Home > The Disenchantments(19)

The Disenchantments(19)
Author: Nina LaCour

“How’s Melinda?” Pete asks.

“She’s running great,” I say. “No problems yet.”

“Don’t say ‘yet.’ Why would you say ‘yet’?”

“Did I say that? What I meant was she’s running so smoothly that I have no worries at all.”

“Better,” he says. “Have you been checking her oil?”

“No, should I be?”

“Do it in the morning. Just to be safe. There’s extra oil under the driver’s seat if you need it. Fill her up with that, not any other kind.”

“Okay.”

He goes on for a while, asking me more questions about the bus and how it’s running, and even though he’s worried over nothing it’s sort of calming to answer his questions and to say yes to all of his requests.

“What are you doing?” I ask him once he seems less worried.

“I was looking through some things from the old days. Tour stuff. You’ve got me feeling nostalgic.”
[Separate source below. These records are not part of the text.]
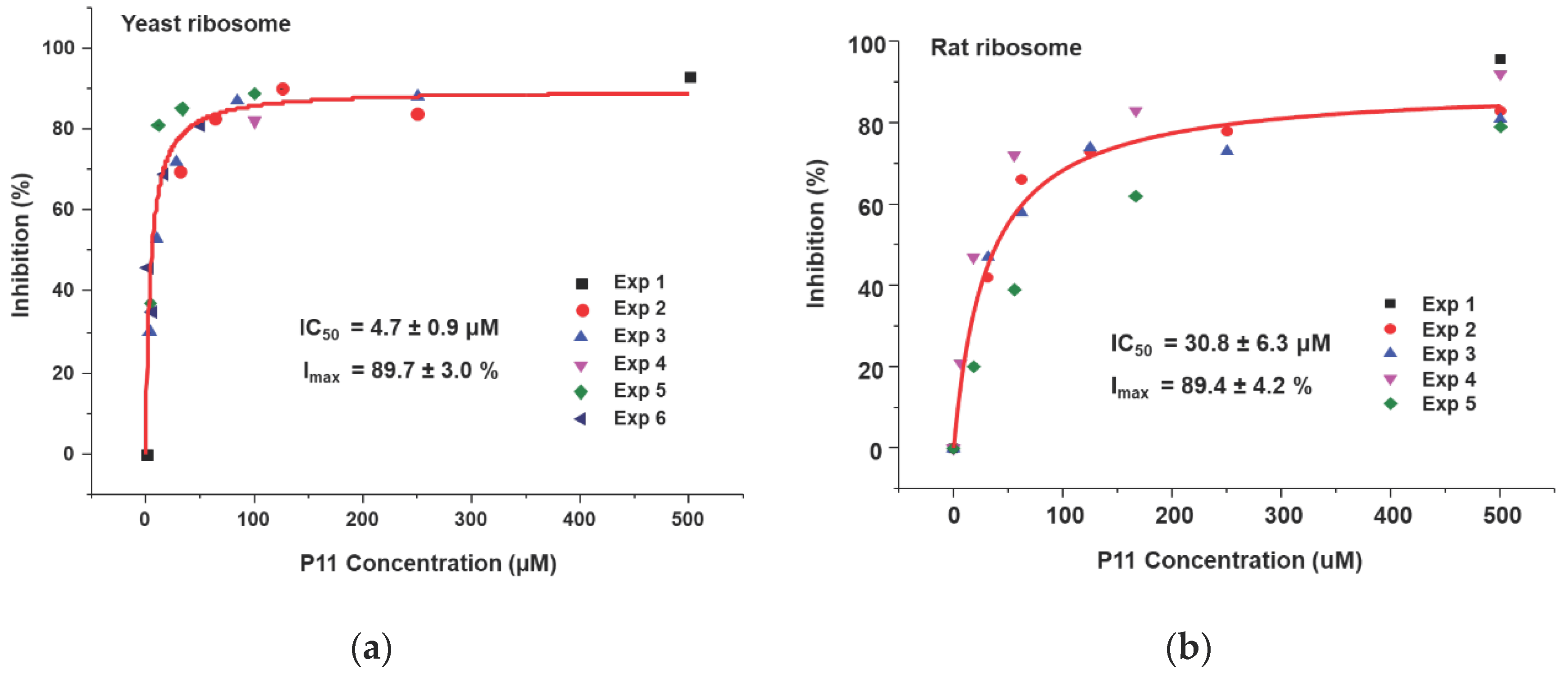 Toxins 10 00371 g006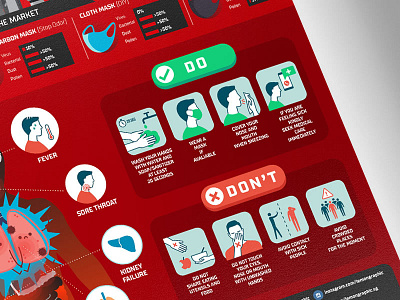 COVID 19   Coronavirus Disease 2019   Infographic Design   07
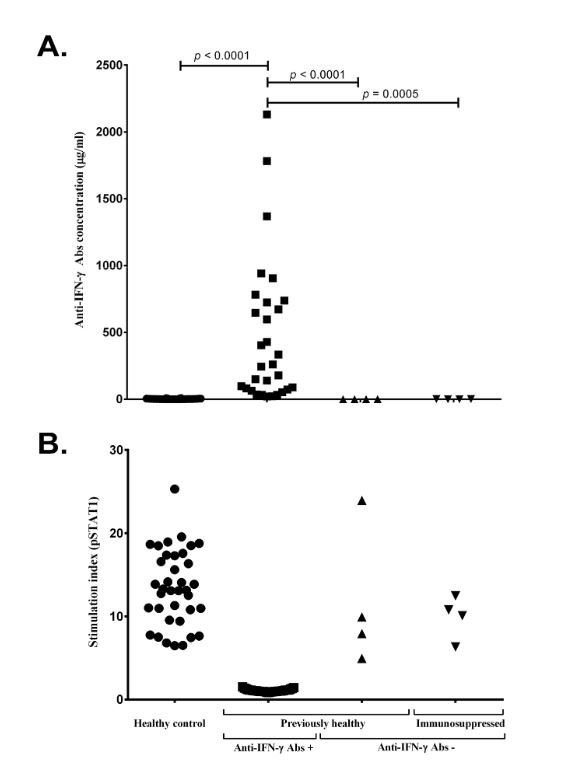 ESCMID's tweet image. QuantiFERON-TB assay to neutralize anti-IFN-γ Abs in pts w/ dissemin. nontuberculous #mycobacterial #infection #CMI clinicalmicrobiologyandinfection.com/article/S1198-…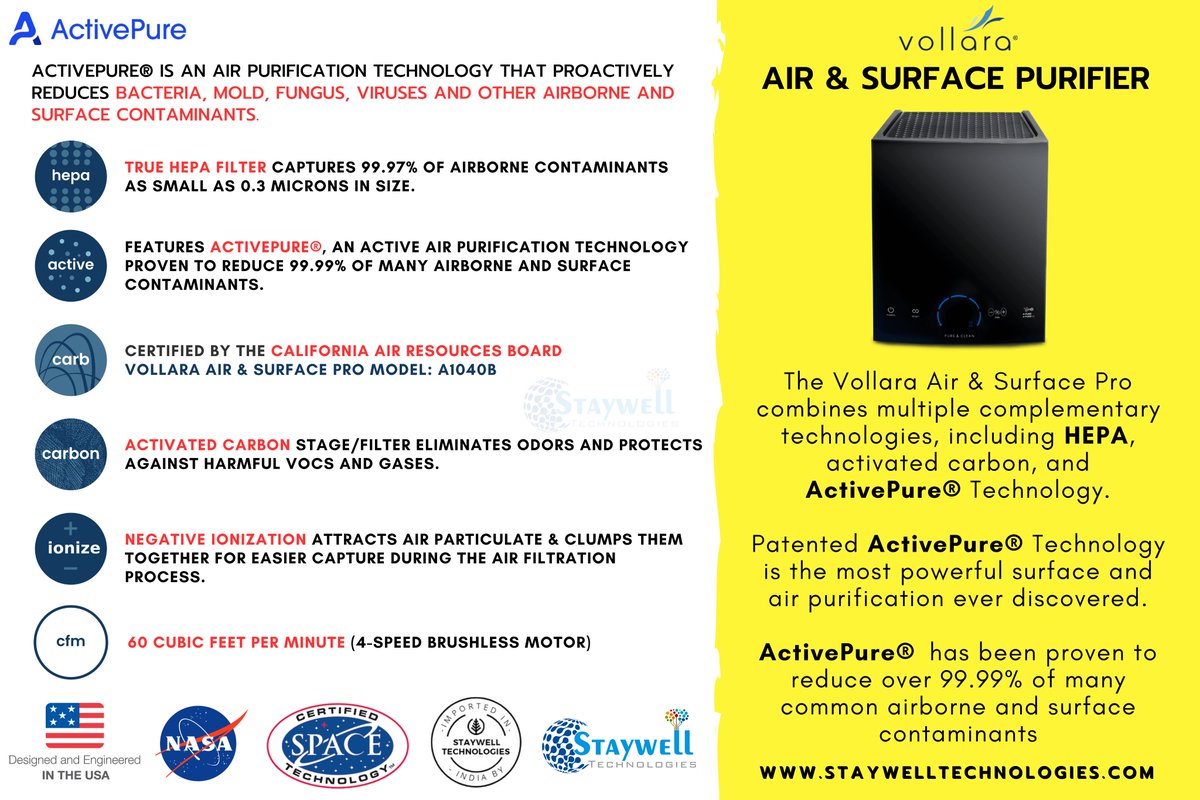 StaywellTech's tweet photo. #ActivePureTechnology #AirPurification #SurfacePurification #IndoorAirQuality #BacteriaReduction #MoldReduction #FungusReduction #VirusReduction #AirborneContaminants #SurfaceContaminants #HealthyLiving #CleanAir #CleanSurfaces
https://t.co/WTb5DYqngo https://t.co/JNWkkkek9B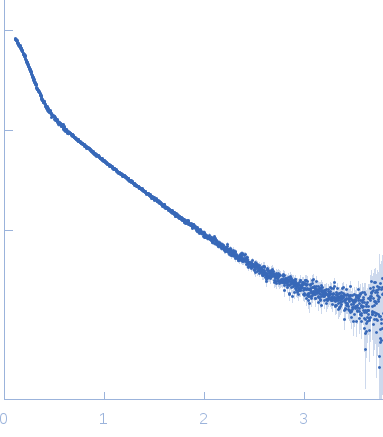 octo-repeat PrP mRNA mutant experimental SAS data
“What kind of tour stuff?”

“Some snapshots. Jesus, I was a good-looking kid. I had almost forgotten. Also, business cards from every place we played a show. Sometimes we played at people’s houses. They didn’t have business cards so we’d have them write their names and addresses on scratch paper to go in the tour journal.”

“I want to see the pictures.”

“Yeah, there are some great ones. I found one of the night your mom and dad met.”
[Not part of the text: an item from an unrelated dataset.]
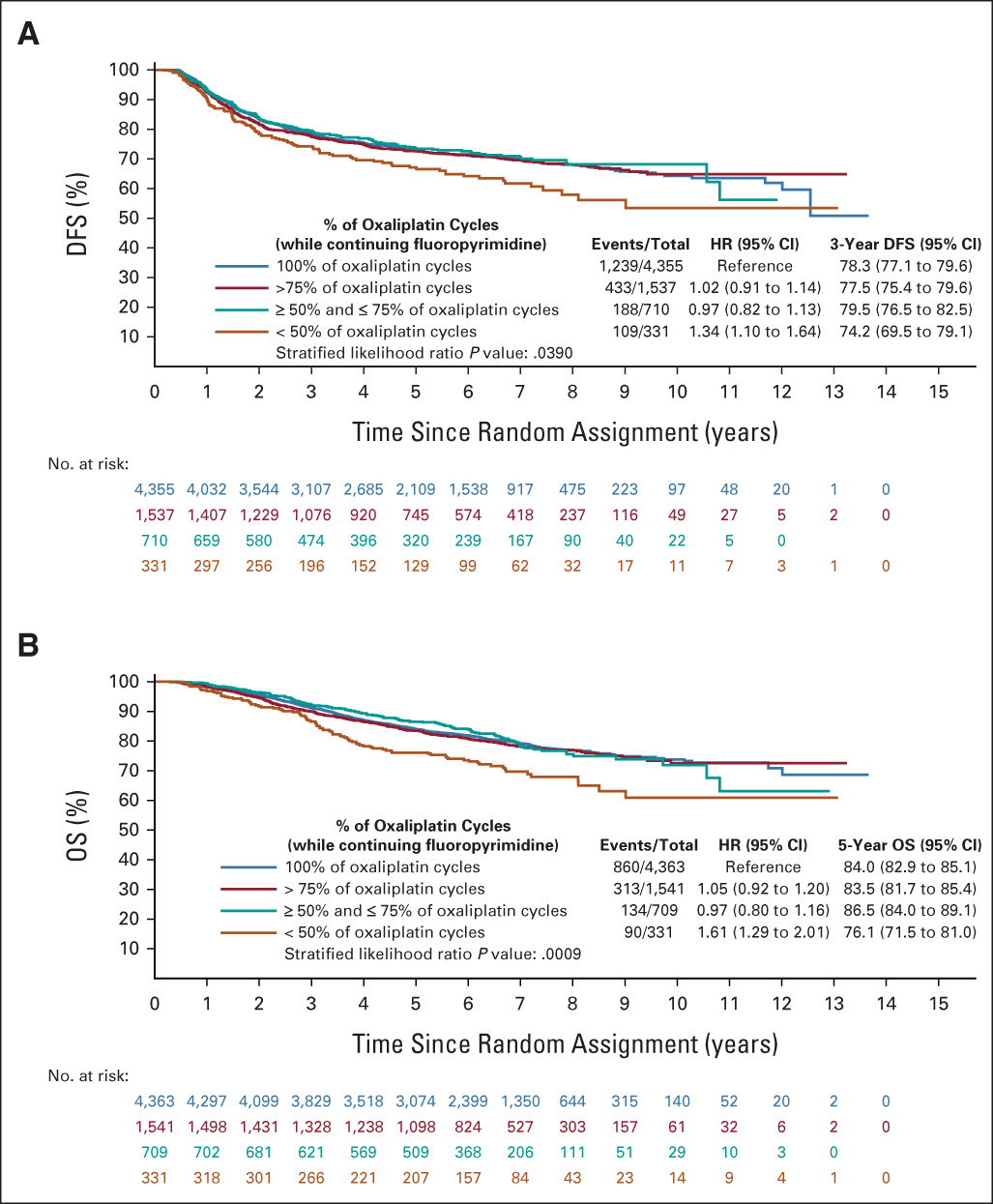 Prognostic Impact of Early Treatment and Oxaliplatin Discontinuation in Patients With Stage III Colon Cancer: An ACCENT/IDEA Pooled Analysis of 11 Adjuvant Trials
He says this and, for a moment, I feel like I’m sinking. There is a question I need to ask, but I don’t know how to ask it. An uneasy feeling that’s been getting stronger the longer Ma has stayed away.

“Have you heard from her?” I say.

“We talked a few nights ago. I had to keep reminding her that I don’t know French.”

“What did you talk about?”

“Oh, I don’t know. Paris, her classes, your trip.”

The sinking gives way to nausea.

“How she’s so proud of you for making your own decisions,” Pete continues. “Living your own life. You know, she was worried at first about you not going straight to college, but we talked about it together. I told her she raised the best kind of person: an independent thinker.”

Pete, I want to say. Something happened.

“Because, like me, you’re a traveler. But unlike me, you have a plan. And unlike your mother, you know what it is you really want. You aren’t going to squander your opportunities.”

“Uh-huh,” I mutter.

“It’s inspiring, you know that? Knowing you’re out there now and soon you’ll be country-hopping with Bev, spending time on those islands you’re crazy about. Your dad and I were talking last night about hitting the road in Melinda for a couple weeks after you go. Visiting the old haunts, seeing how they’ve changed. You make me want to stir up my life a little.”

I want to tell Pete everything, but how can I—especially after this? He never had his own kids, so somehow I’ve become the only child to all three of them, and no matter how great they are, even if they hold secret conferences to discuss my choices and praise me, it’s a lot of pressure to carry their hope and admiration and worry all on my own.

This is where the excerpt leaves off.